The Nutty Professor (1963)
The Nutty Professor (1963)

Genre: Sci-Fi Comedy Running Time: 1 hr. 47 min.

Release Date: June 7th, 1963 MPAA Rating: Not Rated

Director: Jerry Lewis Actors: Jerry Lewis, Stella Stevens, Del Moore, Kathleen Freeman, Med Flory, Norman Alden, Milton Frome

 


 

D

uring one of bespectacled, hunched, buck-toothed, frazzle-haired, nasally-voiced, ASU Professor Julius F. Kelp’s (Jerry Lewis) science classes, a chemistry experiment goes awry, resulting in a colossal explosion that rocks the entire campus. As firefighters arrive on the scene to survey a leveled classroom, Dr. Mortimer Warfield (Del Moore) demands that the irresponsible teacher speak with him immediately – just as soon as secretary Mrs. Lemmon (Kathleen Freeman) unearths Kelp from beneath the door, under which a human-shaped crack in the concrete floor houses his crumpled body (like a skit from a Looney Tunes cartoon). Warfield is at his wit’s end, ready to dismiss the bumbling, irresponsible instructor.

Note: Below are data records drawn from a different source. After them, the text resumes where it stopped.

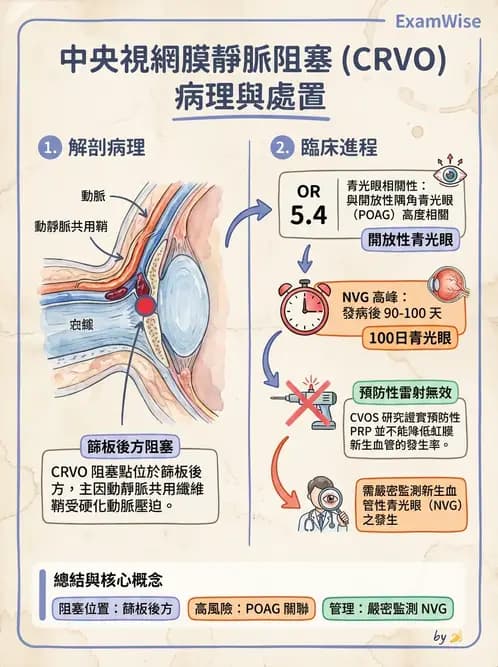 驗光師 - 血管阻塞、甲狀腺眼疾與其他全身性眼病變 - AI 圖文解析預覽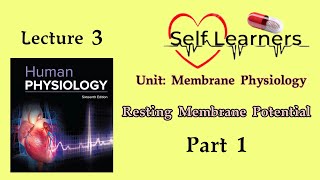 Lecture 3Resting Membrane PotentialMembrane Physiology [upl. by Milah]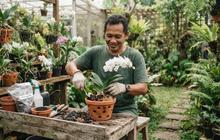 Cara Merawat Anggrek Tanah agar Cepat Berbunga, Ini 5 Langkahnya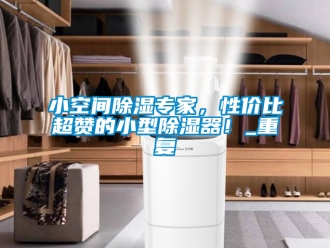 行业资讯小空间除湿专家，性价比超赞的小型除湿器！_重复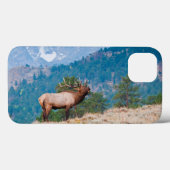 エルク（Cervus Elephus）雄のラブコール Case-Mate iPhoneケース (裏面 (横))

“You are a menace!” This isn’t even the first time that Kelp has caused a sizable fulmination at a university. Nevertheless, his recklessness – which could potentially kill someone – musters only a heated censure. The next day, he’s right back to work, where he receives no respect from his students. Before the first period is over, he’s stuffed into a cabinet by a jock (Med Flory), requiring a bit of a rescue from one of the prettier girls in attendance – Stella Purdy (Stella Stevens). This inspires the belittled, bullied man to join a Vic Tanny gym, where he can gain some muscle … and perhaps some confidence.

“How stupid of me.” The start of the film finds Lewis donning a sensationally goofy nerd voice, awkward mannerisms, and embarrassing timidity, designing a character bursting with potential for a makeover. Directed by Lewis as well, the film adopts continual slapstick, obnoxious sound effects, and even breaks from reality – particularly during a scene in which Kelp’s arms are stretched to the ground by a heavy barbell – on its way to that looming physical renovation.

Of course, the crux of the picture is Kelp’s Jekyll and Hyde formula, arising from his determination to approach bodybuilding from a chemical standpoint after traditional means fail spectacularly. With a collection of vials, baubles, tubes, and flames, he crafts an elixir that radically transforms him into his alter ego: the bold, sharply-dressed, worldly, smooth-talking, dashing – yet highly conceited, short-tempered, and egomaniacal – Buddy Love. This iteration is the complete opposite of the dweeby professor – a comic take on the Robert Louis Stevenson premise, even though the actual transformation does indeed mimic the monstrous metamorphosis, complete with hairy appendages and gnarled teeth.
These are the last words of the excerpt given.